"""

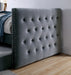Susanna Daybed w/ Trundle - Casa Morelos / Coahuila Furniture (Oklahoma City, OK)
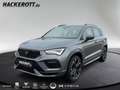 CUPRA Ateca Basis 4Drive 2.0 TSI DSG Pano bhz.WSS 360° Kamera Grau - thumbnail 1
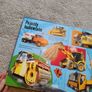 bundle of educational Polish books Like New Image 5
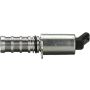 GATES VVS327 Engine Variable Valve Timing (VVT) Solenoid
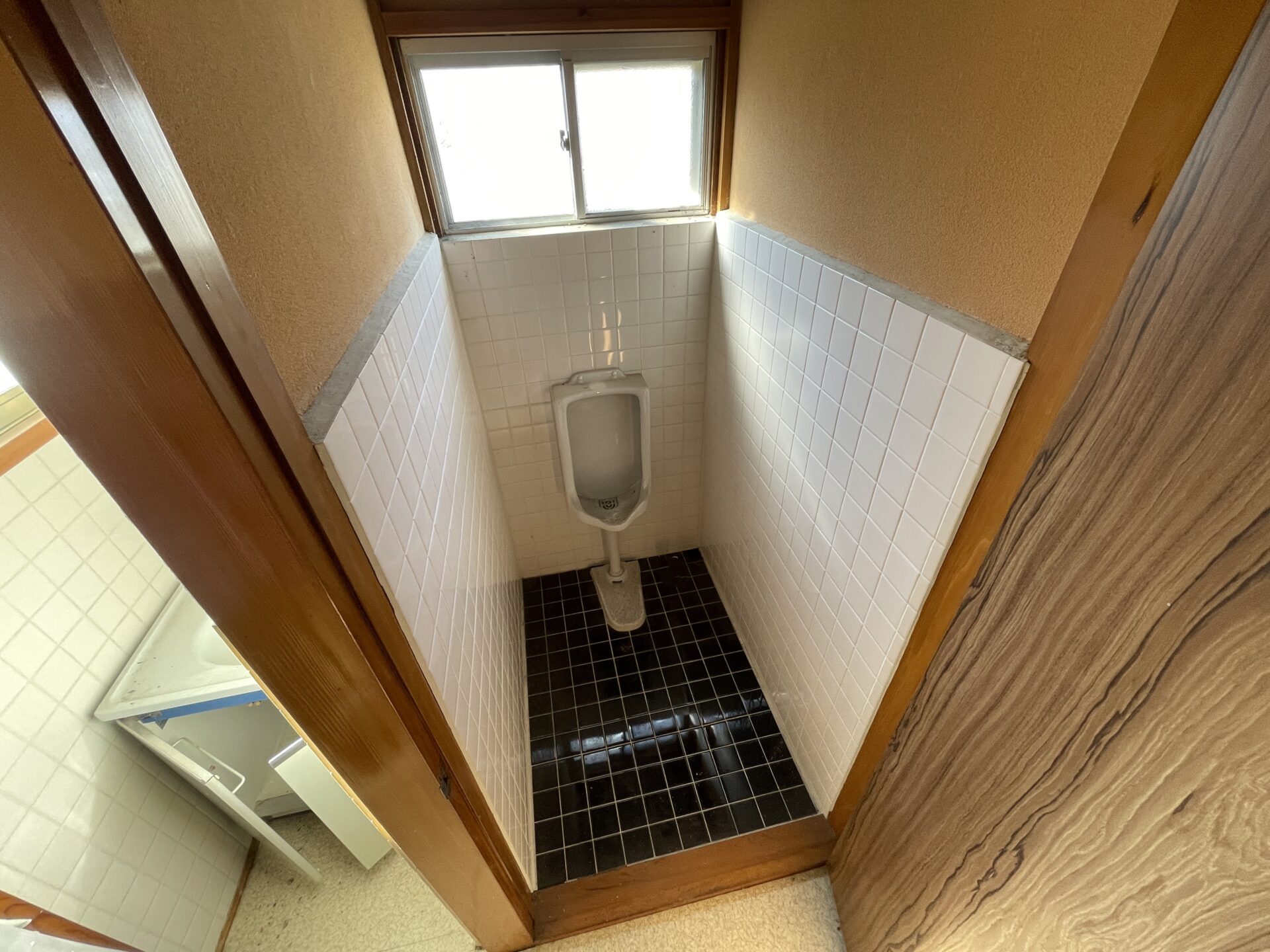 サイト掲載用 (13)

"""

**WHAT IS NEEDED:** Exclude every picture, then return precisely the lines that run from the line containing "CUPRA Ateca Basis" through the end of the entries above.

**ANSWER SECTION:**
 CUPRA Ateca Basis 4Drive 2.0 TSI DSG Pano bhz.WSS 360° Kamera Grau - thumbnail 1
 bundle of educational Polish books Like New Image 5
 GATES VVS327 Engine Variable Valve Timing (VVT) Solenoid
 サイト掲載用 (13)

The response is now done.